6 - se a máquina ou equipamento que possuir mais de um botão de comando não dispuser de alarme sonoro quando um deles for acionado;

7 - quando as máquinas e equipamentos não tiverem suas correias, polias e outras partes móveis bem protegidas;

8 - quando as máquinas não possuírem anteparos contra o lançamento de partículas ou respingos;

9 - quando as máquinas e equipamentos não forem aterrados eletricamente;

c) Segundo a NR-13 constituem-se em condições de risco grave e iminente as Caldeiras e Vasos sob pressão:

1 - onde faltem manômetros e válvulas de segurança;

2 - com proximidade entre as caldeiras e os tanques de combustíves;

3 - onde faltem válvulas de segurança e outros dispositivos para evitar aumento de pressão interna;

4 - onde não se realizem inspeções periódicas anuais ou a cada 18 meses, com emissão de Relatório de Inspeção assinado por Engenheiro credenciado na DRT.

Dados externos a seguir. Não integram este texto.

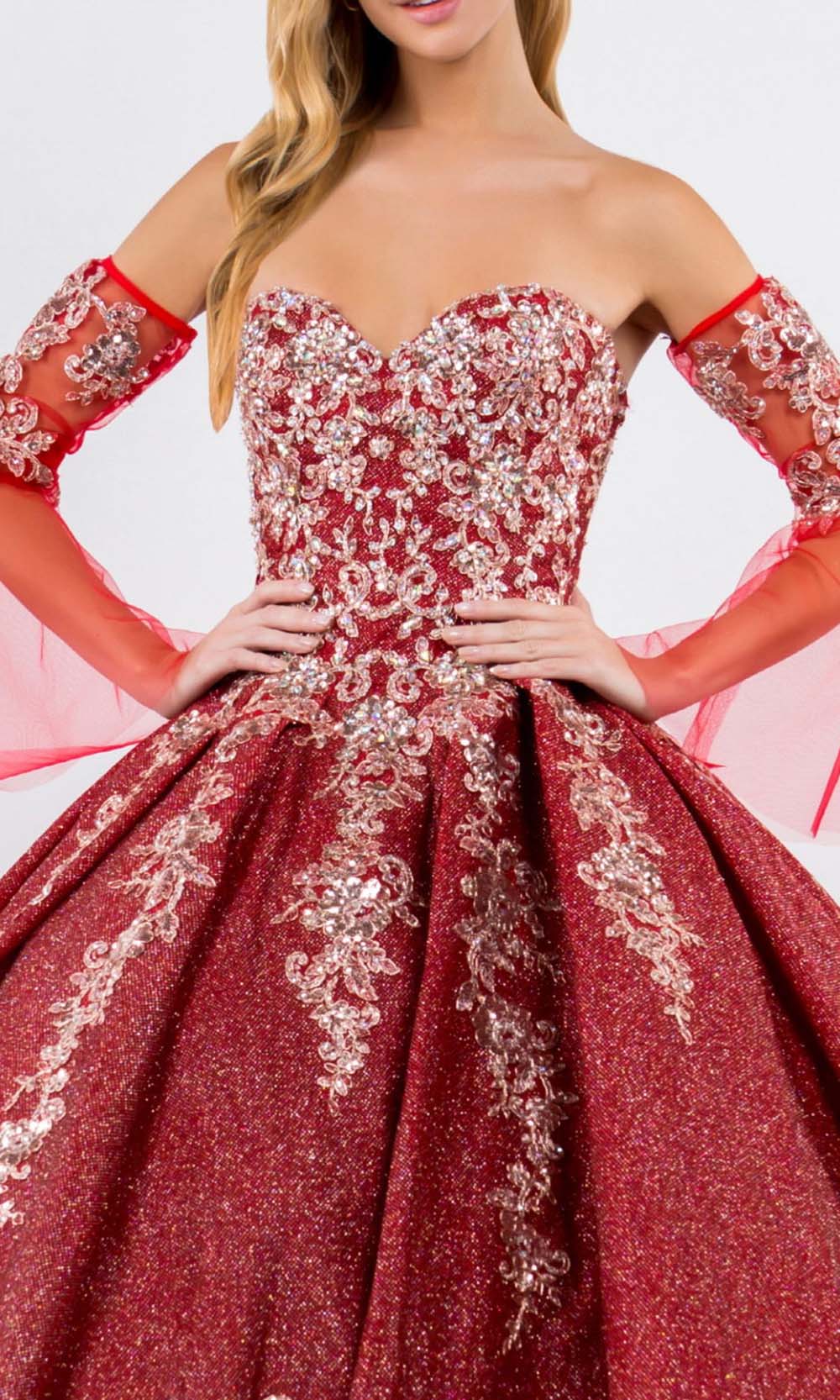 Fashionnob - Elizabeth K GL1912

d) Nas obras de demolição, reforma ou construção são inúmeras as situações que podem se constituir em condição de risco grave e iminente, já previstas em lei:

1 - falta de proteção em serra circular;

2 - cabos de aço em mau estado de conservação;

3 - falta de escoramento em taludes e valas;

4 - falta de cinto de segurança em trabalho em altura;

5 - falta de isolamento de área sob cargas suspensas ou em áreas de tração de cabos;

6 - falta de amarração no transporte de feixes de vergalhão;

7 - falta de ventilação quando da aplicação de vernizes, colas, etc; 8 - falta de portas nos vãos de elevadores;

9 - transporte de pessoas em elevadores de carga;

10 - falta de proteção em partes energizadas;

11 - Outros.

Refletindo a restrita definição legal exposta no início deste trabalho, a normatização vigente também apresenta-se restrita aos chamados Riscos Ambientais e ainda assim de forma conservadora e até equivocada do ponto de vista da saúde.

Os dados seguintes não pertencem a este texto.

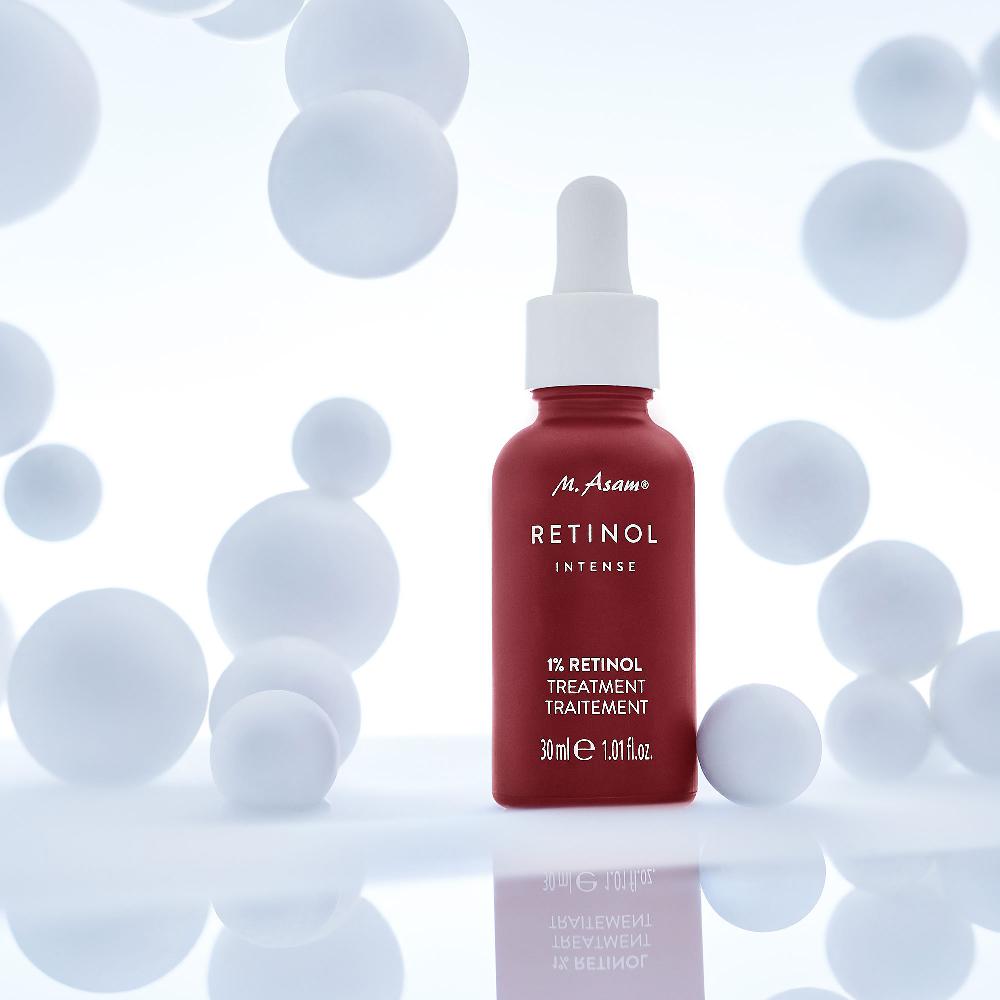 QVC M. Asam Trattamento cosmetico retinolo incapsulato concentrato (30 ml) 2025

Substâncias reconhecidamente cancerígenas como Benzeno, Negro de Fumo, Asbesto e Cloreto de Vinila são toleradas com a ausência de restrições severas e até a proibição em alguns casos.

Aspectos da organização do trabalho, como pressão de chefia, perseguições, ritmo acelerado, trabalho monótono, acúmulo de tarefas e responsabilidade excessiva por exemplo, não são considerados como condição de risco grave e iminente embora sejam reconhecidamente causadoras de sofrimentos que podem se materializar em acidentes e doenças de ordem psicossomática, além de expressões diversas de desgaste mental. A gravidade de um evento desta natureza pode extrapolar o limite do indivíduo e alcançar a comunidade, caso ocorra em uma Central Petroquímica ou Nuclear, em transporte coletivo de massas ou transporte de cargas perigosas, por exemplo.

3.1 Limites do SESMT e dos seus profissionais

O artigo 162 do Capítulo V do Título II da CLT estabelece que as empresas, de acordo com o número de funcionários e o grau de risco de suas atividades para a saúde e segurança de seus empregados devem ter um SERVIÇO ESPECIALIZADO EM ENGENHARIA DE SEGURANÇA E MEDICINA DO TRABALHO - SESMT. A Norma Regulamentadora 4 (NR-4) da Portaria 3214 de 8/06/78 detalha melhor a constituição e funcionamento do Serviço.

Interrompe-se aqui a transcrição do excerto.